The “public charge” language pertains to whether an individual admitted to the United States is more likely than not, in the future, to be reliant on public benefits. USCIS asserts that the rule “will only consider public benefits received directly by the applicant for the applicant’s own benefit, or where the applicant is a listed beneficiary of the public benefits.” USCIS has stated that the information will allow the agency to uphold immigration policy that “the availability of public benefits not constitute an incentive for immigration to the United States.”

While there are exceptions to the application of this policy for VAWA petitioners, refugees, asylees, victims of crimes, special immigrant juveniles and select other categories of immigrants, the majority of applicants for status will be required to submit the form and corresponding information.This new form will be required for immigrant visas issued at State Department posts.

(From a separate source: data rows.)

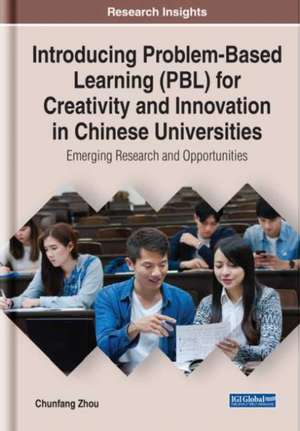 Introducing Problem-Based Learning (PBL) for Creativity and Innovation in Chinese Universities de Chunfang Zhou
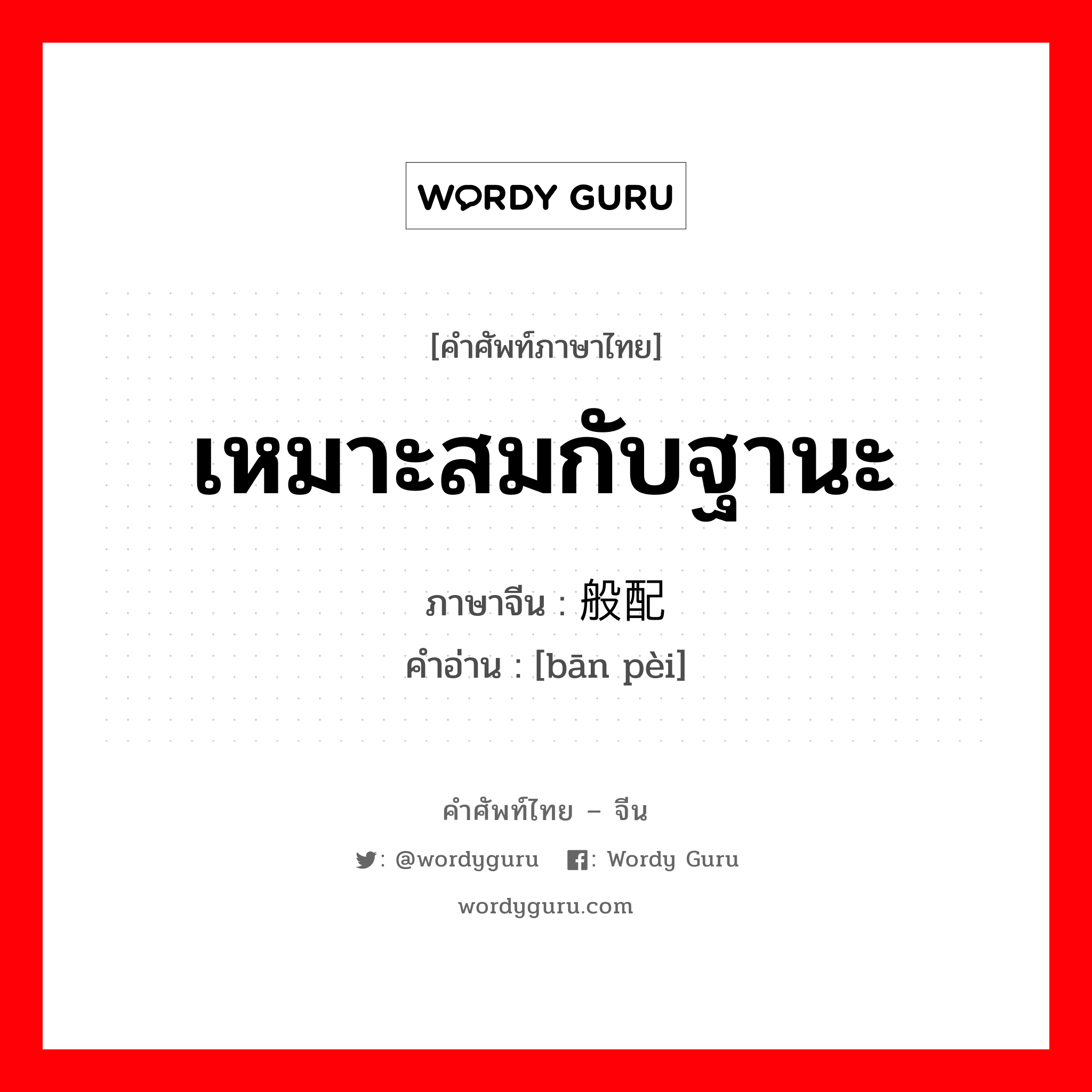 เหมาะสมกับฐานะ ภาษาจีนคืออะไร, คำศัพท์ภาษาไทย - จีน เหมาะสมกับฐานะ ภาษาจีน 般配 คำอ่าน [bān pèi]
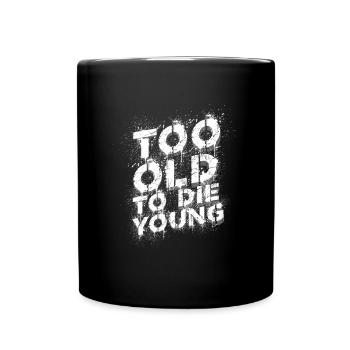 Too Old to the Young - Full Colour Mug - black - Front
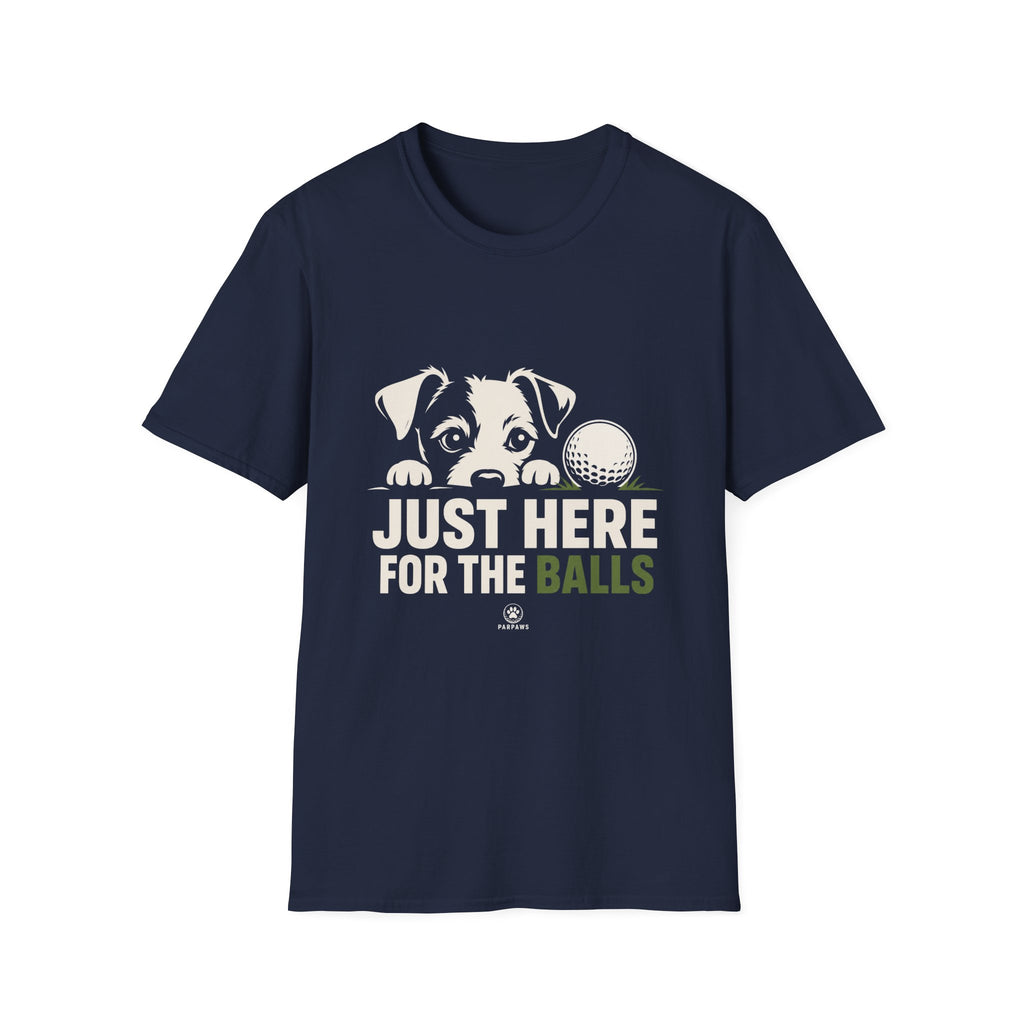 Just Here For The Balls Dog T-Shirt — Funny Puppy Lover Tee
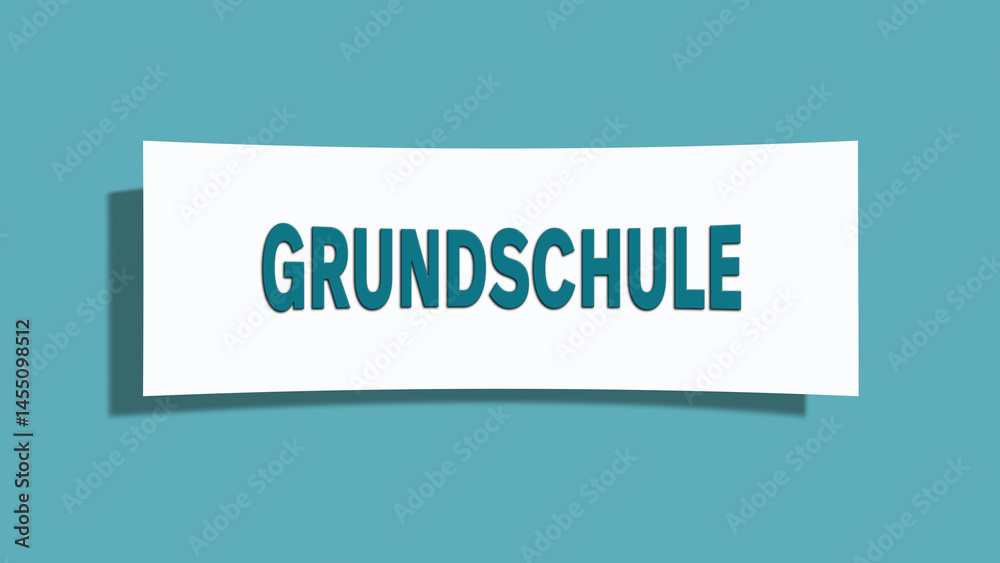 Grundschule (Primary school) - A card isolated on light green background. Grundschule (Primary school) - A card isolated on light green background.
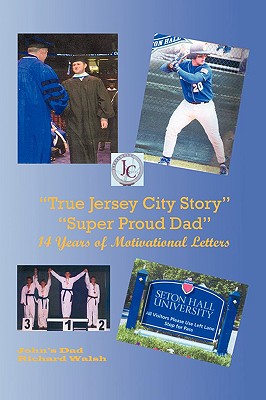 "True Jersey City Story": "Super Proud Dad" 14 Years of Motivational Letters - Walsh, Richard J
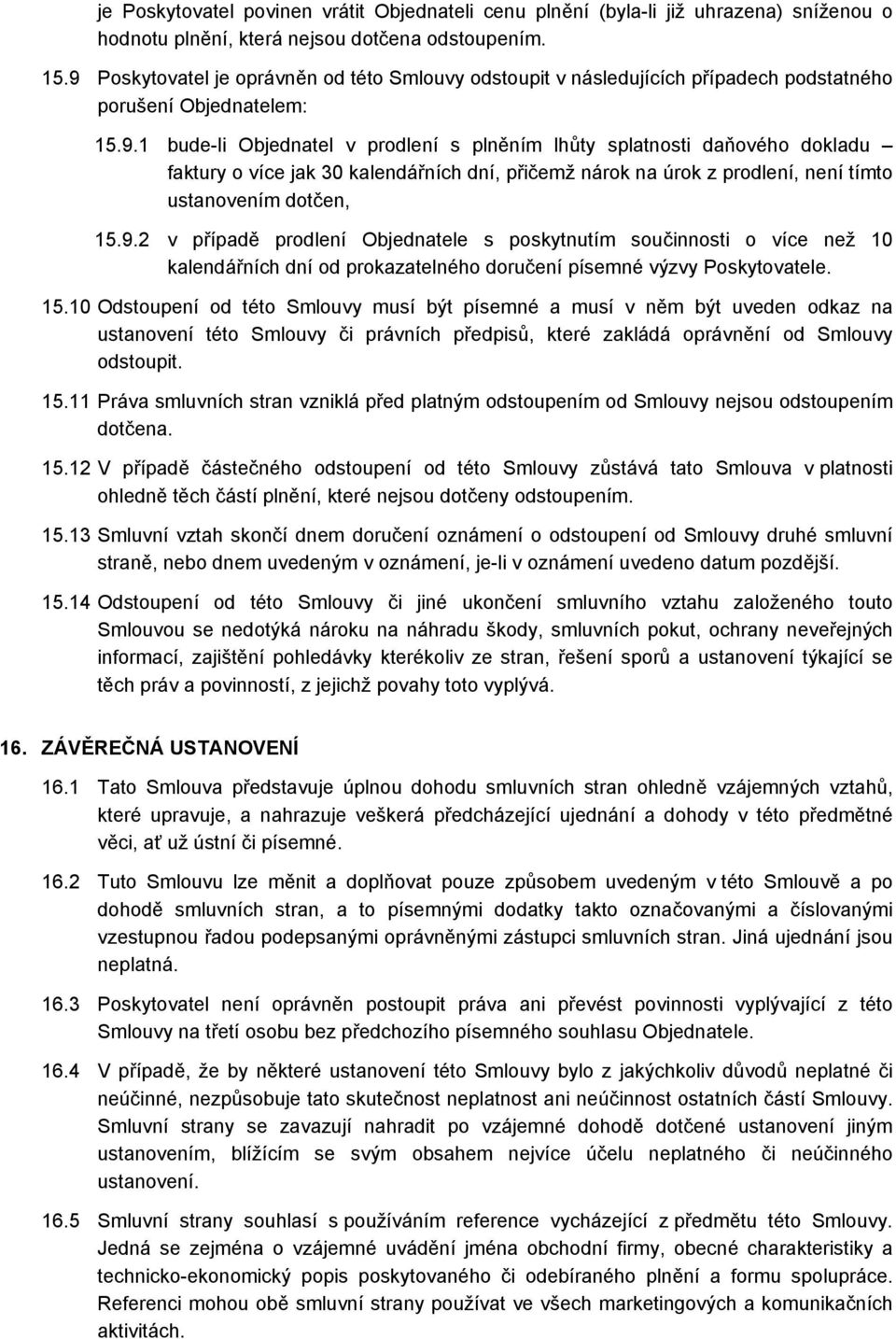 9.2 v případě prodlení Objednatele s poskytnutím součinnosti o více než 10 kalendářních dní od prokazatelného doručení písemné výzvy Poskytovatele. 15.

Similarly, for nonimmigrant visa petitions (Form I-129) and change/extension of status applications (Form I-539), USCIS has included requests for additional information pertaining to the beneficiary or applicant's use of public benefits while in the United States. Importantly, though the additional information is required for all I-539 Applications, it is only required in Form I-129 petitions that request a change of status or extension of stay within the United States (i.e. such information need not be provided for petitions requesting consular processing). While not nearly as extensive as the information and documentation required in the Form I-944, as presently constructed the Form I-129 will require employers to attest to their actual or potential employees' receipt of public benefits.

There is limited information or policy guidance on how USCIS intends to use this information; however, this regulatory change is clearly designed to increase adjustment of status denials based on the “public charge” ground of inadmissibility. Many immigrants to the United States lack a credit history, extensive assets or financial resources, especially after paying for the costs of immigration processing and relocation. As such, many will be unable to provide even the basic information required on the Form I-944. Moreover, it remains unclear how USCIS intends to use the information and how lower-income individuals will be treated in the process.